L’union fait-elle toujours la force ? Ce n’est pas l’avis de petits brasseurs, qui ont préféré fonder leur propre syndicat professionnel. Une entité qui s’ajoute aux Brasseurs de France, qui était la seule association représentative de la profession, depuis sa création en 1880.
Brasseurs de France est financé et administré en majorité par les grandes brasseries industrielles comme Heineken (marques Heineken, Pelforth, Desperados et Fischer) et Carlsberg (marques Kronenbourg, 1664, Grimbergen).
Le boom des micro-brasseries
Mais depuis les années 2000, il y a eu l’explosion des brasseries artisanales. Là où le nombre d’enseignes françaises était d’environ 50 à la fin des années 1990, on en compte environ un millier aujourd’hui.
En juin 2016, quelques brasseurs fondent le Syndicat National des Brasseurs Indépendant (SNBI), limités à ceux dont la production n’excède pas 400 000 hectolitres par an. Nos amis de Rue89 Lyon retracent en détail les raisons de ce divorce avec l’unique syndicat. Selon des membres du SNBI, les Brasseurs de France, à la demande des brasseries industrielles, s’occupent beaucoup des questions de fiscalité ou de lois sur la publicité d’alcool, ce qui ne serait pas la priorité des petites brasseries. La rédaction d’un décret en 2016 qui n’a changé qu’à la marge la recette de la bière (identique depuis 1992) a aussi créée des déceptions d’artisans.

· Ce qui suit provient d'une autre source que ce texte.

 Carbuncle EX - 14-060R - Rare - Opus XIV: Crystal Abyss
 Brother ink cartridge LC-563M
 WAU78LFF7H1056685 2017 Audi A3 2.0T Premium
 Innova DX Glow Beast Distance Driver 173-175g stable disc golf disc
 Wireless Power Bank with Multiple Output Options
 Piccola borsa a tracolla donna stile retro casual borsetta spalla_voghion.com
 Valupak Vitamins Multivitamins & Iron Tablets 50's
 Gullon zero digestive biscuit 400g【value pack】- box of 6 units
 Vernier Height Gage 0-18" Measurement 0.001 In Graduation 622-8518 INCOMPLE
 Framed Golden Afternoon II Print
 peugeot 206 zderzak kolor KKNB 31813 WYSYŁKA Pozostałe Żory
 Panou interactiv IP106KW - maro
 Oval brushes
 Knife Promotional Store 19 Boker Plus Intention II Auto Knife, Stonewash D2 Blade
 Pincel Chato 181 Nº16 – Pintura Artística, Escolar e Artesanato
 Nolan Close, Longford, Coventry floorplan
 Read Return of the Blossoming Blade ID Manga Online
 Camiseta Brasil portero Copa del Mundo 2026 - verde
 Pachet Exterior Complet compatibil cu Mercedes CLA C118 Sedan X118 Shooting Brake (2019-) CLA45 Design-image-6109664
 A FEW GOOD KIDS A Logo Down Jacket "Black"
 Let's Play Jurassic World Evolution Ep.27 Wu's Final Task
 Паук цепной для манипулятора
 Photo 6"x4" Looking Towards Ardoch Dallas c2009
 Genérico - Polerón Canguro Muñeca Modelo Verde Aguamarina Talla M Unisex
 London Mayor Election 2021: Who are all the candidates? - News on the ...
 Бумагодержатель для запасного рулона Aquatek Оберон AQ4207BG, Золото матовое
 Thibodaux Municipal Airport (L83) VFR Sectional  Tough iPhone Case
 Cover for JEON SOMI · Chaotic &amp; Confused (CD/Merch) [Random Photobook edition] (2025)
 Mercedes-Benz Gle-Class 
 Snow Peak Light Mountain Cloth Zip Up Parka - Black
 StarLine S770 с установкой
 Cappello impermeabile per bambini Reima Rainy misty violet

Les Brasseurs de France estiment de leur côté avoir refondé leurs statuts pour donner une place plus importante aux petites brasseries dans le syndicat par rapport à leur taille (65% des voix contre 95% du financement). Brasseurs de France est présidé depuis 2014 par l’alsacien François Loos. Ancien ministre, toujours membre du conseil municipal de Strasbourg dans l’opposition (UDI), ancien ingénieur et directeur d’usine, le polytechnicien n’a néanmoins jamais brassé de bière, pas plus que le directeur actuel.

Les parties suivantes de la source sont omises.